SUPPLIED RECORDS START

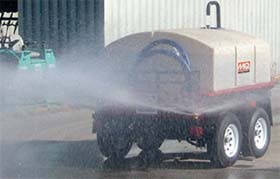 Multiquip WT5HP - 500 Gallon Water Trailer with QP205SH Centrifugal Pump, Hydraulic Brakes, 2-5/16" Ball Hitch, 4-Pin Wiring Connector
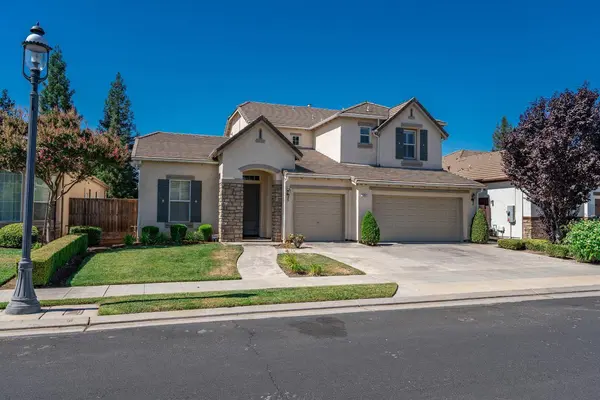 3242 Everglade AVE, Clovis, CA 93619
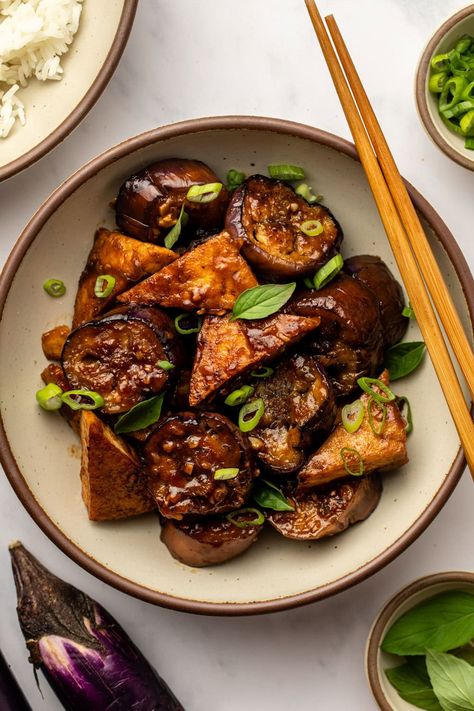 This one-pan Chinese Eggplant and Tofu Stir Fry tosses pan-fried eggplant and tofu slices in a sticky garlic sauce for a restaurant-quality meal you can make any night of the week! Vegan, Gluten-Free Option. Eggplant Tofu, Potato Pizza Crust, Pan Fried Eggplant, Sweet Potato Pizza Crust, Sweet Potato Pizza, Chinese Eggplant, Tofu Stir Fry, Asian Inspired Recipes, Allergy Friendly Recipes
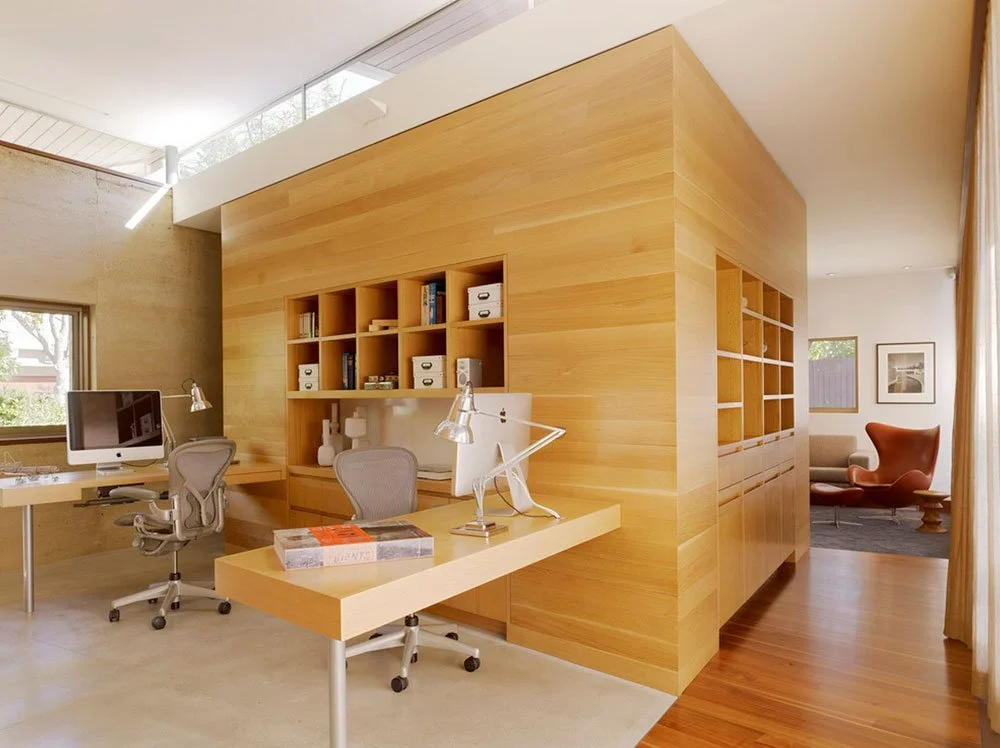 میز و صندلی با چوب پلاست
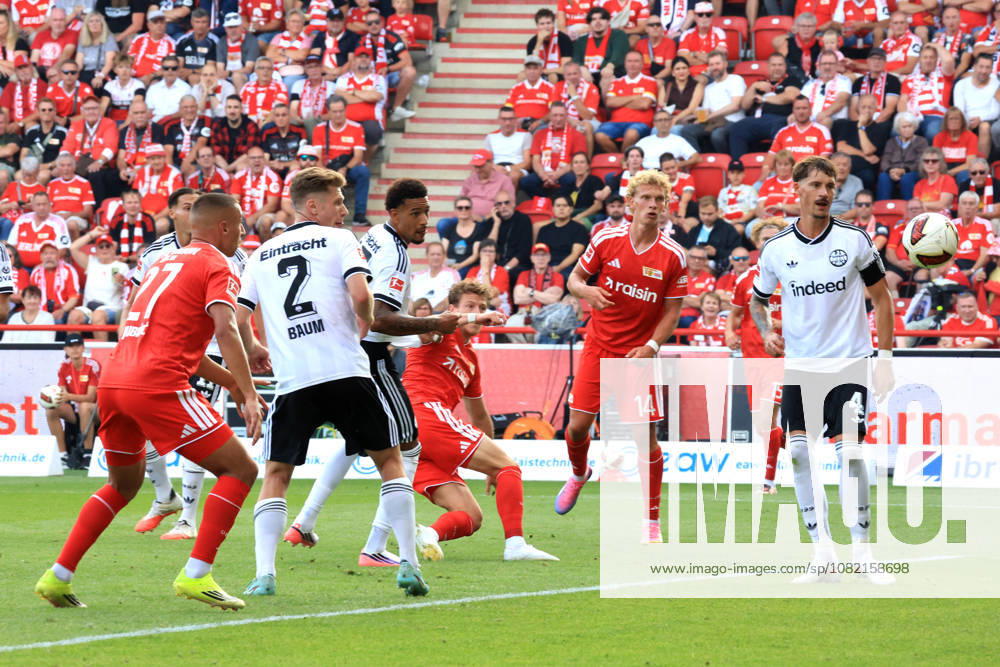 GER, Soccer, Bundesliga 1, 2026–2027, Alte Foersterei, 1. FC Union vs. Eintracht Frankfurt, Marin Ljubicic (1. FC Union Berlin, 27), Tim Skarke (1. FC Union Berlin, 21), Leopold Querfeld (1. FC Union Berlin, 14), Elias Braun (Eintracht Frankfurt, 2), Erik Durm (Eintracht Frankfurt, 37), Robin Koch, Eintracht Frankfurt 4. DFB and DFL regulations prohibit any use of photographs as image sequences and or quasi-video. Berlin Stadium Alte Foersterei, Berlin, Germany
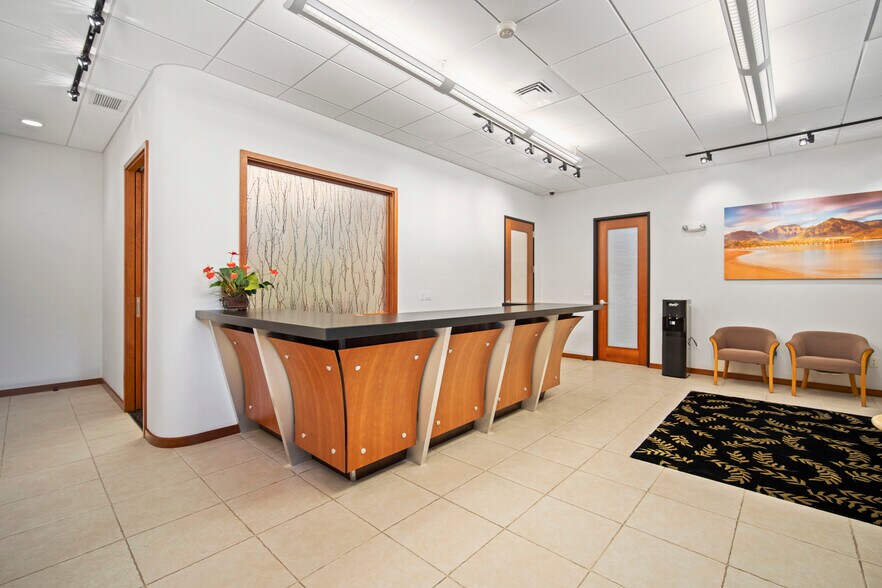 More Photos Of 3113 Olu St, Honolulu Office For Sale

SUPPLIED RECORDS END

● PROBLEM STATEMENT
Exactly the lines from the start of the entries above through the line with "میز و صندلی با چوب پلاست" should be reproduced, and nothing else; drop the pictures.

● OUTPUT FOR THIS TASK
 Multiquip WT5HP - 500 Gallon Water Trailer with QP205SH Centrifugal Pump, Hydraulic Brakes, 2-5/16" Ball Hitch, 4-Pin Wiring Connector
 3242 Everglade AVE, Clovis, CA 93619
 This one-pan Chinese Eggplant and Tofu Stir Fry tosses pan-fried eggplant and tofu slices in a sticky garlic sauce for a restaurant-quality meal you can make any night of the week! Vegan, Gluten-Free Option. Eggplant Tofu, Potato Pizza Crust, Pan Fried Eggplant, Sweet Potato Pizza Crust, Sweet Potato Pizza, Chinese Eggplant, Tofu Stir Fry, Asian Inspired Recipes, Allergy Friendly Recipes
 میز و صندلی با چوب پلاست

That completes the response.